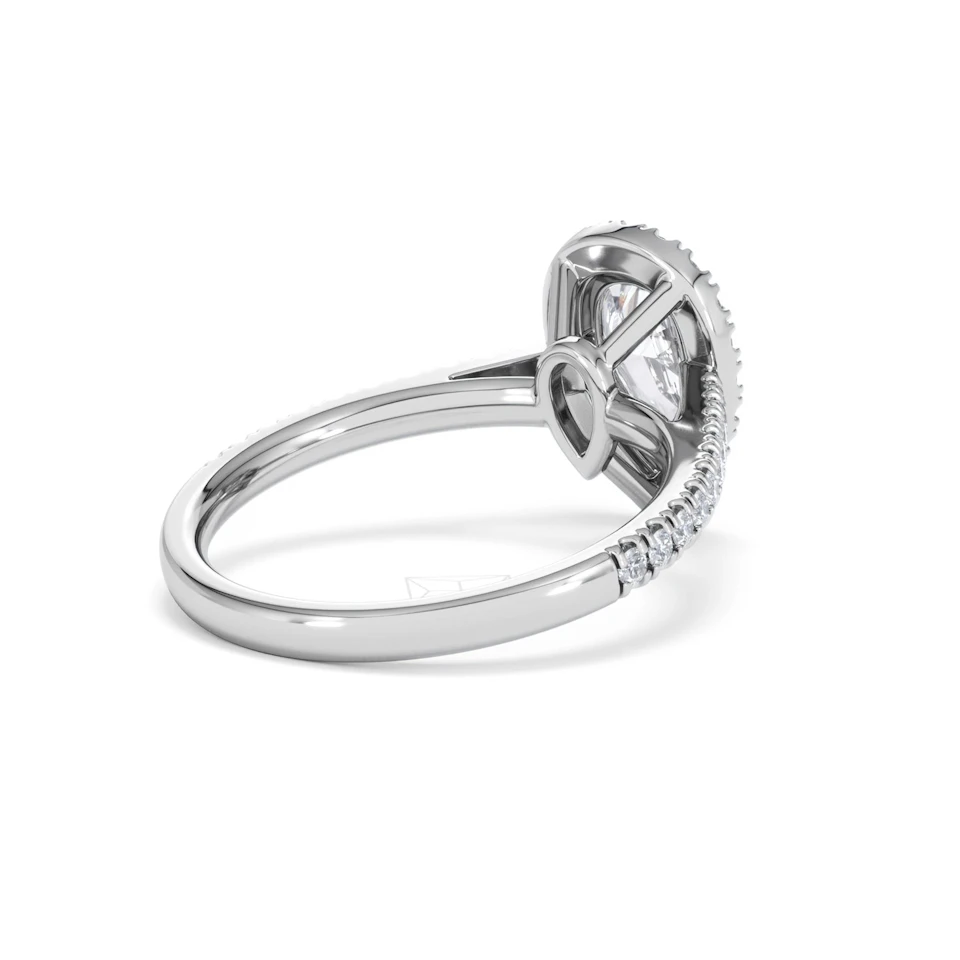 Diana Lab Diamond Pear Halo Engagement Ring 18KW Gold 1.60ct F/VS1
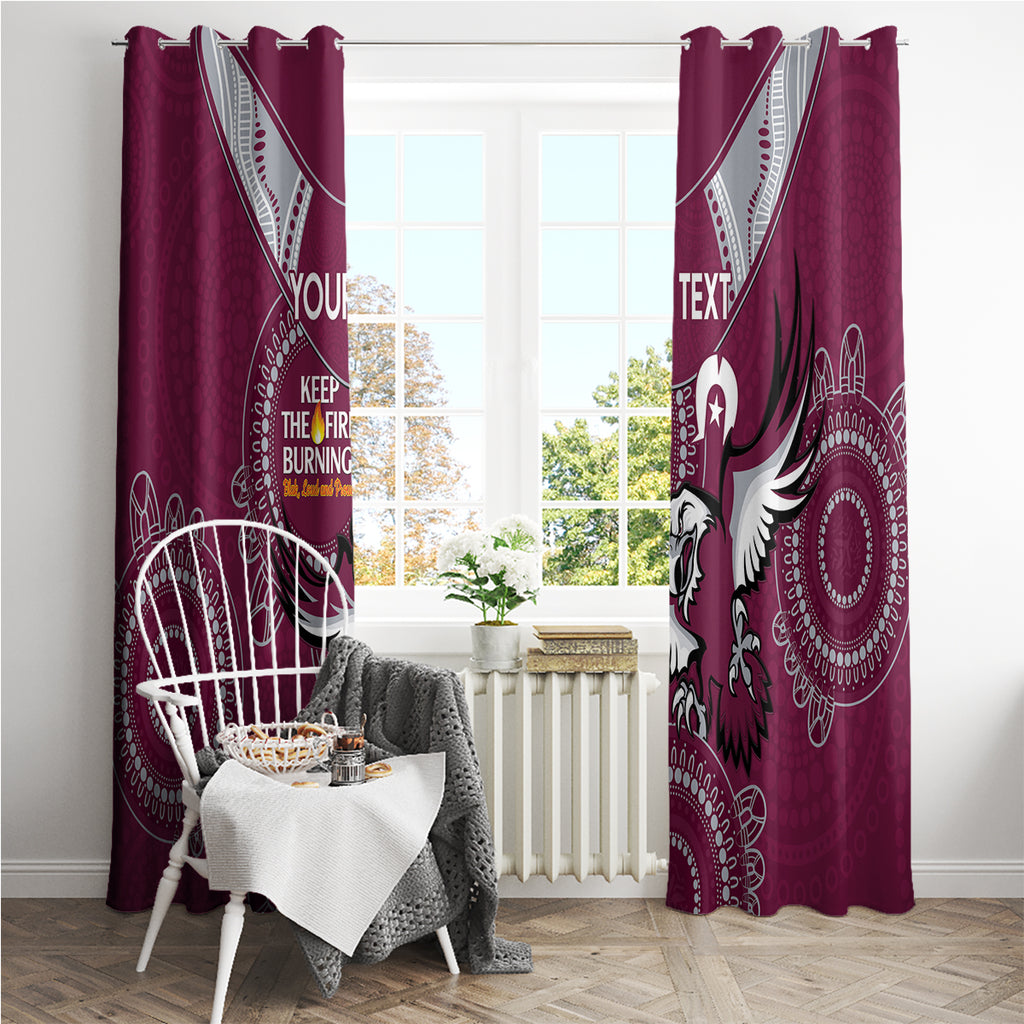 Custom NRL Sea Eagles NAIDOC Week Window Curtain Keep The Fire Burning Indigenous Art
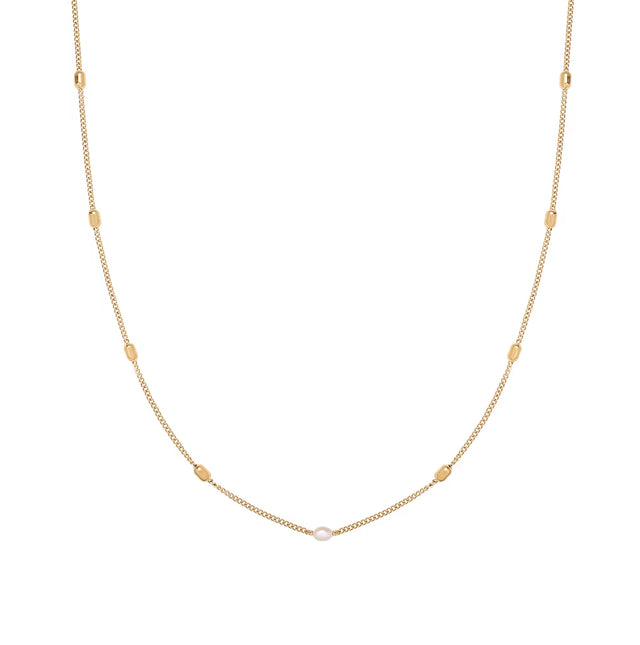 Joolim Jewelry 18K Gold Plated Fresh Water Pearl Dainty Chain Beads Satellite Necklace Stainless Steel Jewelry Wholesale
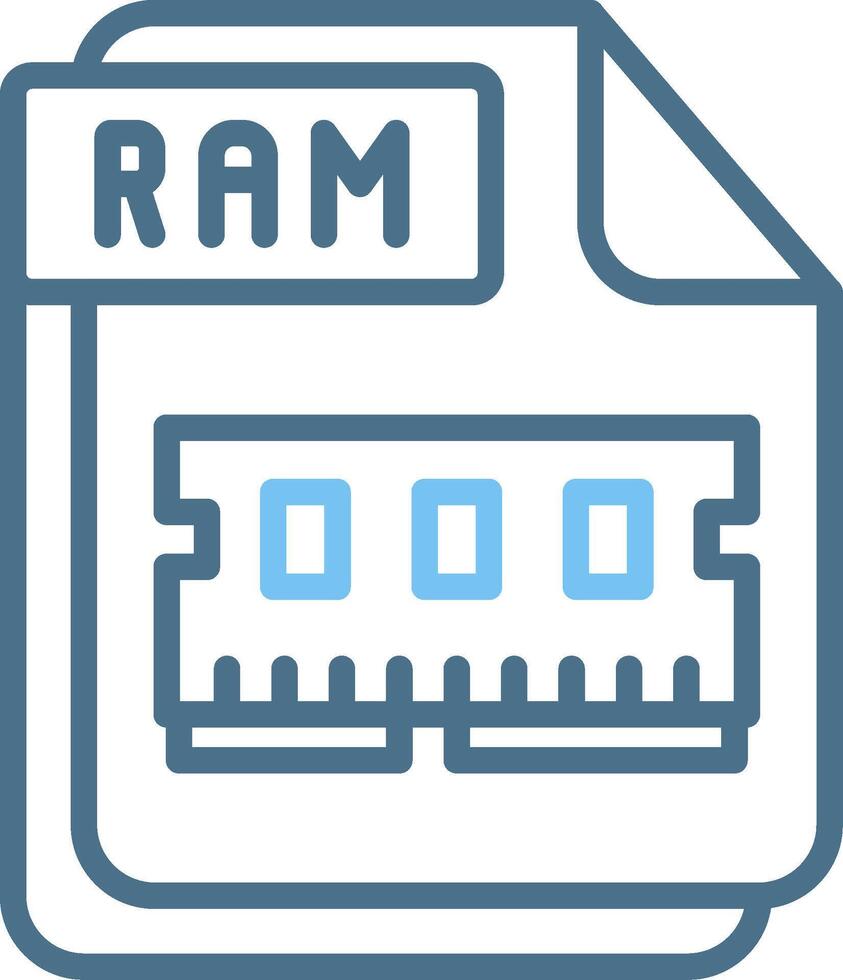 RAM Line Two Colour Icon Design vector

=== Task instructions ===
Copy the data above word for word. Pictures stay out.

=== Task result ===
 Diana Lab Diamond Pear Halo Engagement Ring 18KW Gold 1.60ct F/VS1
 Custom NRL Sea Eagles NAIDOC Week Window Curtain Keep The Fire Burning Indigenous Art
 Joolim Jewelry 18K Gold Plated Fresh Water Pearl Dainty Chain Beads Satellite Necklace Stainless Steel Jewelry Wholesale
 RAM Line Two Colour Icon Design vector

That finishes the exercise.